Although TLS can encrypt the entire communication process, there are still many privacy-sensitive parameters that have to be transmitted in plaintext during the negotiation process, the most important and problematic of which is the domain name to be accessed, i.e. SNI (Server Name Indication). There is also the ALPN extension used to inform the client of the available application layer protocols, and compromising this could lead to an attacker knowing the services supported by the server and the purpose of the connection.


The reason why such important content is exposed is not a design mistake, but because encrypting that content would prevent many servers from working properly. In general, a server often provides many services, ranging from using nginx to reverse proxy several services to CDN servers serving countless websites at the same time, and because the domain names are different, the certificates are also different.

Then when the client accesses the service, it must specify the SNI so that the server knows which certificate to return, but there is no way to encrypt the certificate before the client receives it, leaving it in an awkward position of whether to have the chicken or the egg first.

ESNI and its successor ECH are designed to remedy this problem.

Encrypted SNI

ESNI (Encrypted SNI), as its name implies, was designed to encrypt SNI and was one of the first TLS extensions proposed to solve this problem. Although this scheme is about to be deprecated, it is extremely useful for understanding its successor, ECH.

ESNI relies on another service, DNS, to distribute the key in order for the client to get the key to send the ciphertext. Before a client connects to the server using ESNI, it makes a TXT request on top of the regular A/AAAA request for the site IP to get the ESNI public key (actually the public key encoded in BASE64 and parameters like the encryption algorithm), as shown below in the request to this blog.

$ dig TXT +short

The client will send the encrypted SNI as an extension. Once the server receives the request, it decrypts it with the corresponding private key and uses the decrypted SNI for subsequent operations. If the decryption fails, the connection is terminated.

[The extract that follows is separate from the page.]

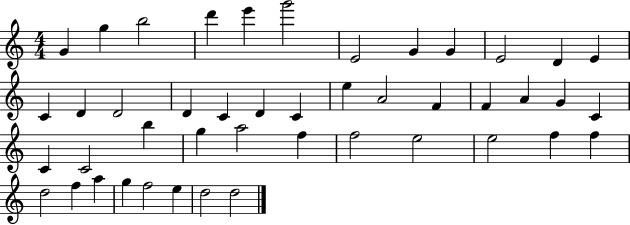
G4/q G5/q B5/h D6/q E6/q G6/h E4/h G4/q G4/q E4/h D4/q E4/q C4/q D4/q D4/h D4/q C4/q D4/q C4/q E5/q A4/h F4/q F4/q A4/q G4/q C4/q C4/q C4/h B5/q G5/q A5/h F5/q F5/h E5/h E5/h F5/q F5/q D5/h F5/q A5/q G5/q F5/h E5/q D5/h D5/h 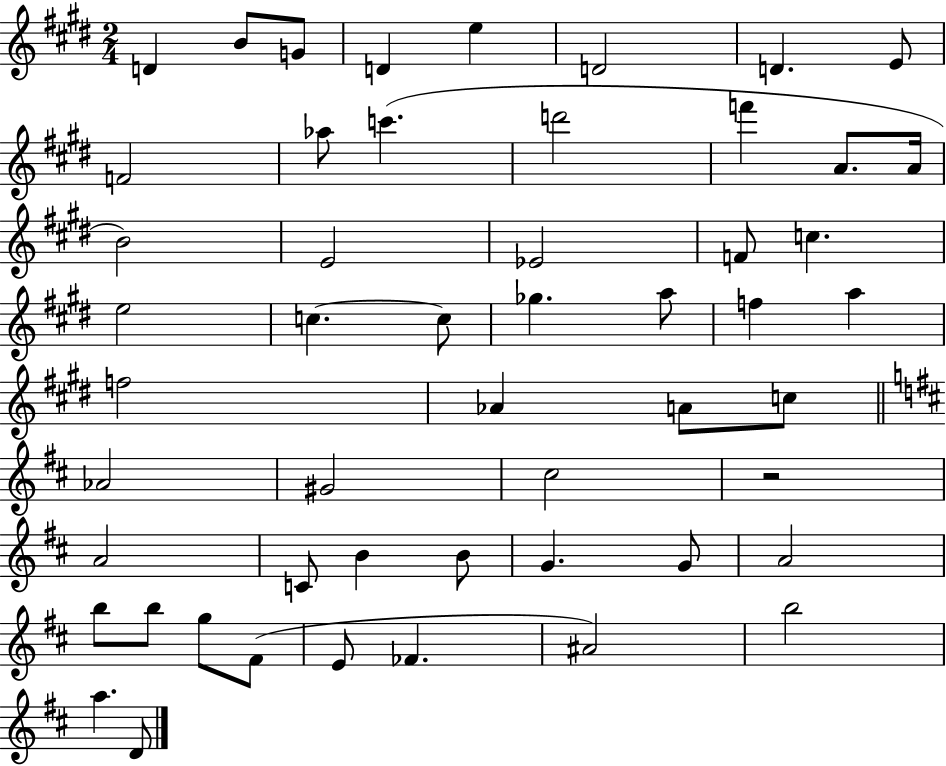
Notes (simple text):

D4/q B4/e G4/e D4/q E5/q D4/h D4/q. E4/e F4/h Ab5/e C6/q. D6/h F6/q A4/e. A4/s B4/h E4/h Eb4/h F4/e C5/q. E5/h C5/q. C5/e Gb5/q. A5/e F5/q A5/q F5/h Ab4/q A4/e C5/e Ab4/h G#4/h C#5/h R/h A4/h C4/e B4/q B4/e G4/q. G4/e A4/h B5/e B5/e G5/e F#4/e E4/e FES4/q. A#4/h B5/h A5/q. D4/e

In addition to ensuring that the public key can be transmitted encrypted, DoH is also important in that it authenticates the DoH server, ensuring that the correct server is being accessed and not the (attacker-prepared) local network cache, thus avoiding The local cache returns an empty TXT record to prevent the client from using ESNI or returns an attacker-controlled key that allows the client to use the wrong public key for encryption.

However, there are still problems with this approach, the first is the distribution of keys, Cloudflare in the deployment of each hour will rotate the key, which can reduce the loss of key leakage, but DNS has a caching mechanism, the client is likely to get an out-of-date key, then the client can not continue to connect with ESNI. Secondly, DNS requests to websites may return several IP addresses, each representing a different CDN server, yet ESNI has only one TXT record, which may send the key to the wrong server resulting in a failed handshake.

Encrypted Client Hello

The goal of ECH (Encrypted Client Hello) is to overcome the shortcomings of ESNI, and as the name suggests, ECH has the ambition to encrypt not only SNI, but the entire Client Hello.

ECH also uses DoH for key distribution, but improves the distribution process. Compared to the ESNI server that terminates the connection after a failed decryption, the ECH server provides the client with a public key to retry the connection in order to complete the handshake.

So the question is, how to return the public key if the server still doesn’t know the SNI after decryption failure?

In fact, ECH’s Client Hello is divided into two parts, called ClientHelloOuter and ClientHelloInner, the surface and the inner parts. content that you want to access. The real content is in the ClientHelloInner, which encrypts sensitive information with a key and follows the ClientHelloOuter in an expanded form.


On the server side, the handshake is actually done by the ECH service provider (called client-facing server) rather than the service behind the domain name counterpart, which notifies the client if the decryption was successful and the correct ECH public key was sent.


ECH will be another major upgrade to TLS, this time making each connection accessible to no one but its originator and receiver, helping to further protect user privacy. While ECH is still a work in progress, as work continues, it is clear that we are one step closer to a more secure Internet.